Write again exactly the lines in the listing below, starting at the line with "Levtex Home Selesta Quilt Set or Euro Shams" and ending at the line with "The Complete Law", both included. Pictures are not copied.

(Data for processing)

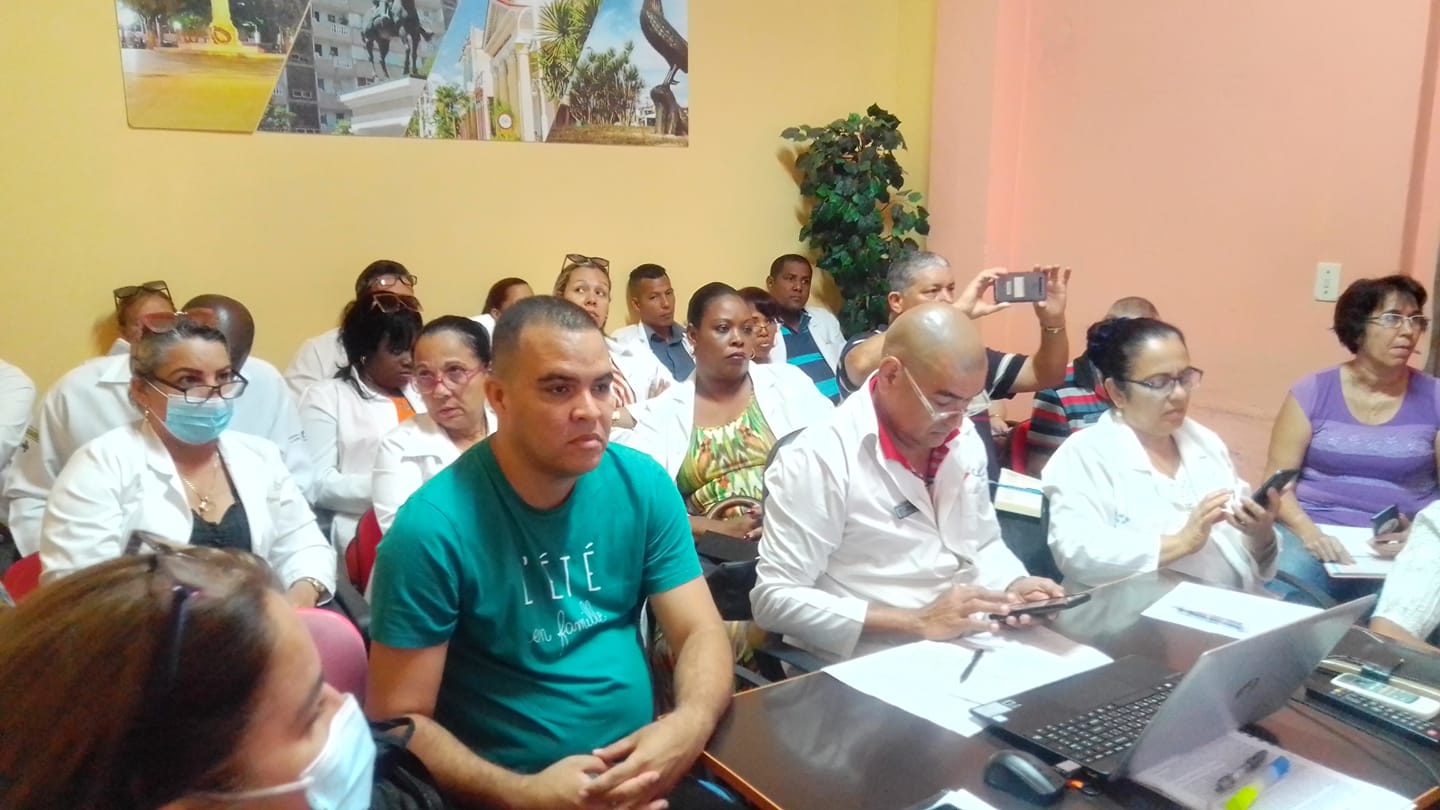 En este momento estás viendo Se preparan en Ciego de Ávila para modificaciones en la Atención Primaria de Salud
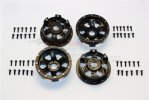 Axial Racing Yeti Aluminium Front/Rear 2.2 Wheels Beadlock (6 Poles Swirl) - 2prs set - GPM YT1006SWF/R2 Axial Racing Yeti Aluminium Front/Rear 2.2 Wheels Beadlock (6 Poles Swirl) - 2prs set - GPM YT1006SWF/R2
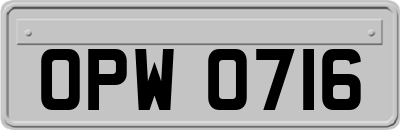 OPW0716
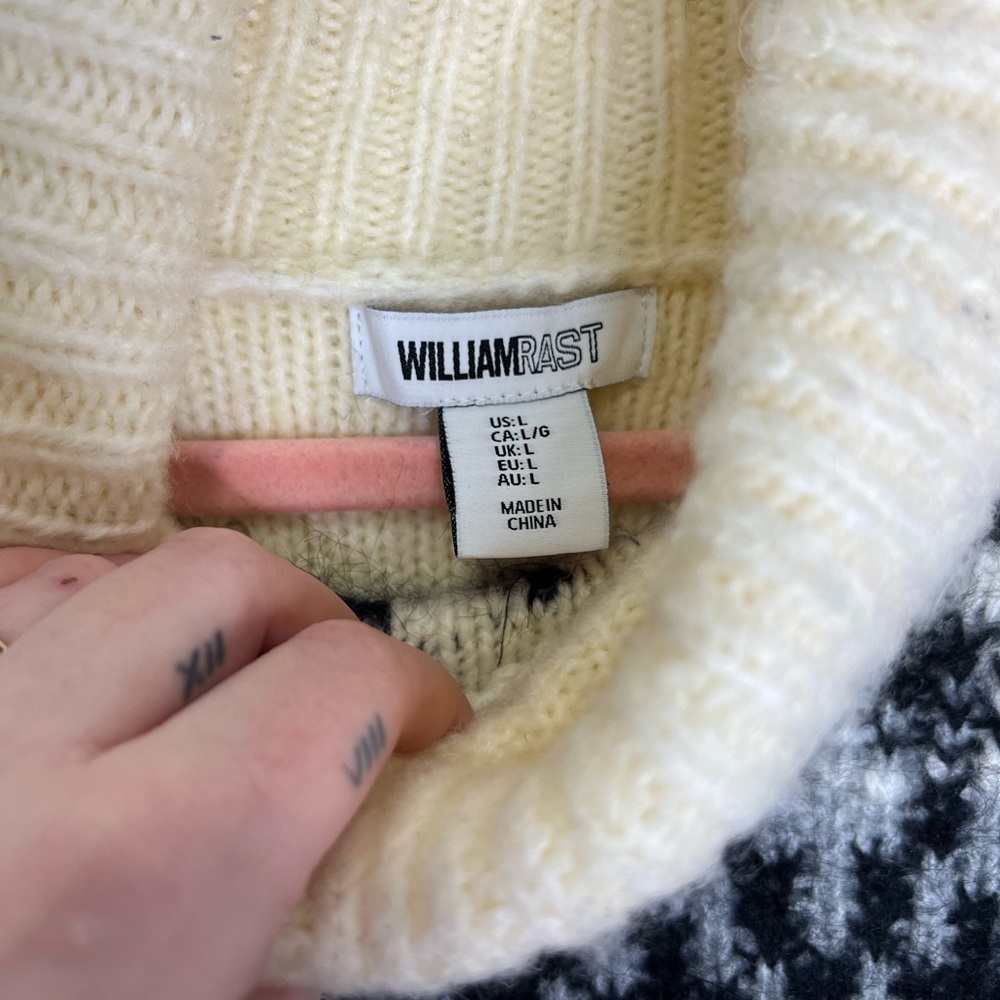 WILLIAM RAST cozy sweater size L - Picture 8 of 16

(End Data for processing)
(Data for processing)

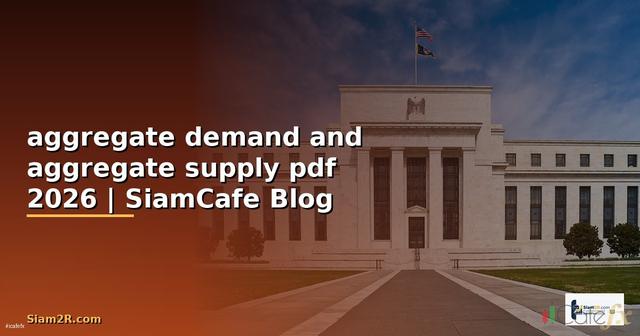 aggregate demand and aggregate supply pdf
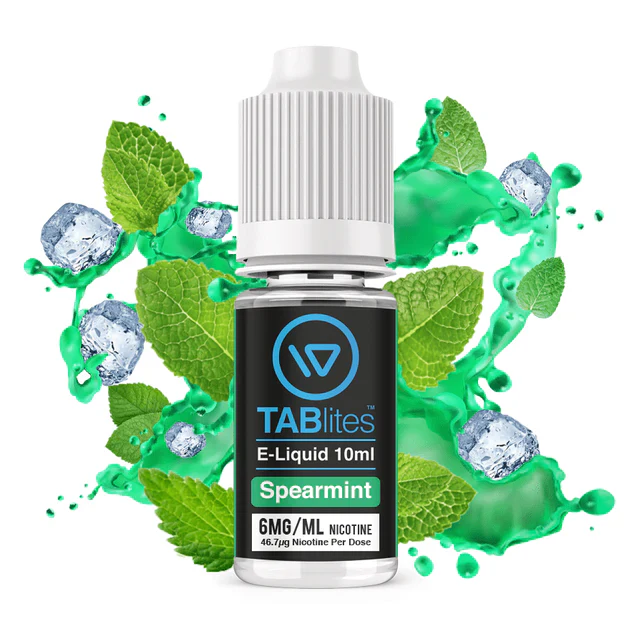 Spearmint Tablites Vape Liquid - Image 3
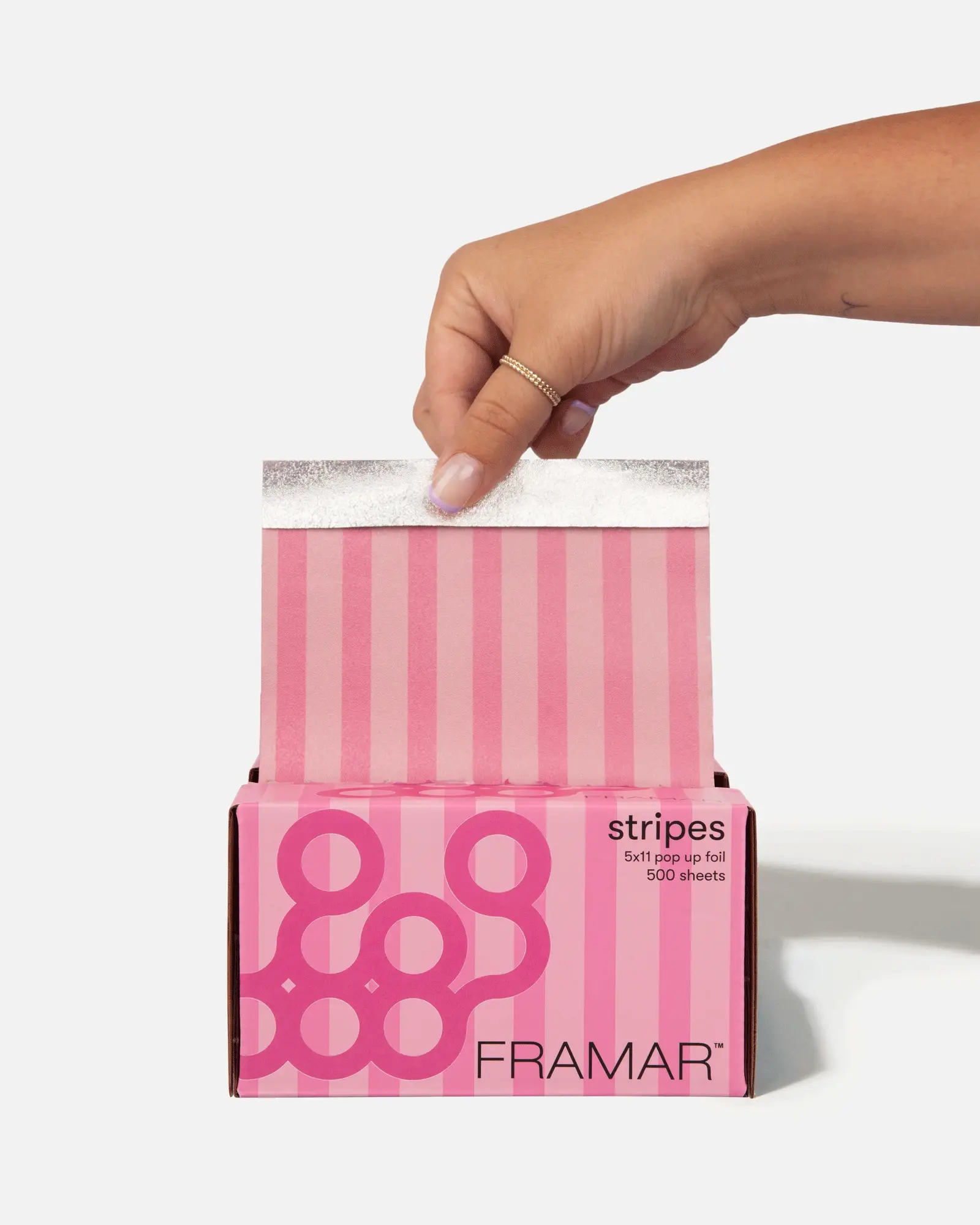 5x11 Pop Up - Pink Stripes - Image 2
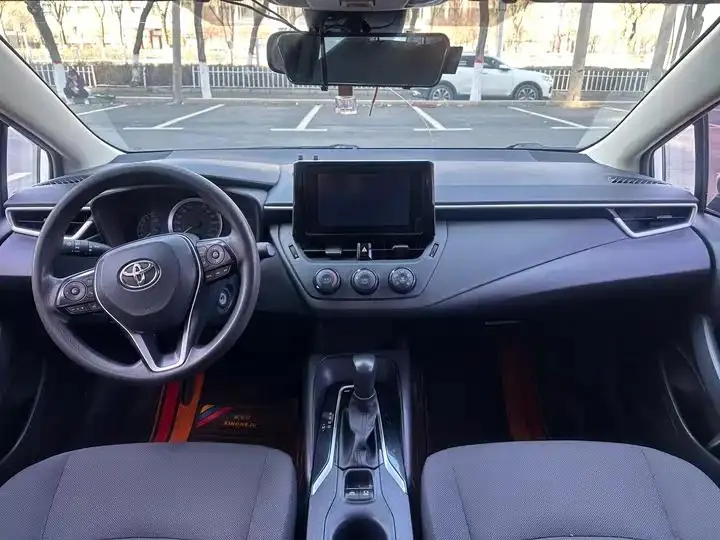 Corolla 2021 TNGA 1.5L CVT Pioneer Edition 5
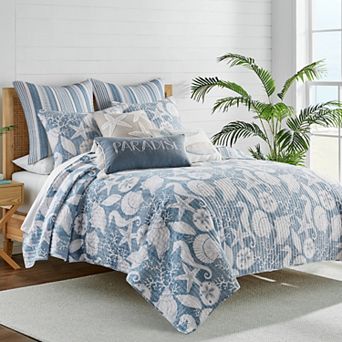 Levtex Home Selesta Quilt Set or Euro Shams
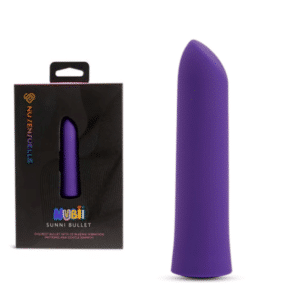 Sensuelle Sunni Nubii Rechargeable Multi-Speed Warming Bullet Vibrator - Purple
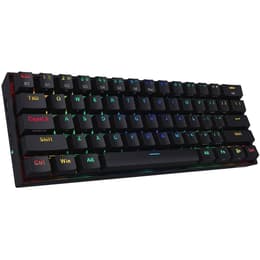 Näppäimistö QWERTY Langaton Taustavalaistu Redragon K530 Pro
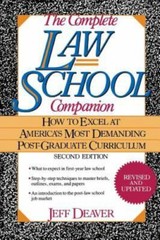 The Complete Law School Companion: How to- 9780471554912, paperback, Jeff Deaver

(End Data for processing)

# Task output
 Levtex Home Selesta Quilt Set or Euro Shams
 Sensuelle Sunni Nubii Rechargeable Multi-Speed Warming Bullet Vibrator - Purple
 Näppäimistö QWERTY Langaton Taustavalaistu Redragon K530 Pro
 The Complete Law School Companion: How to- 9780471554912, paperback, Jeff Deaver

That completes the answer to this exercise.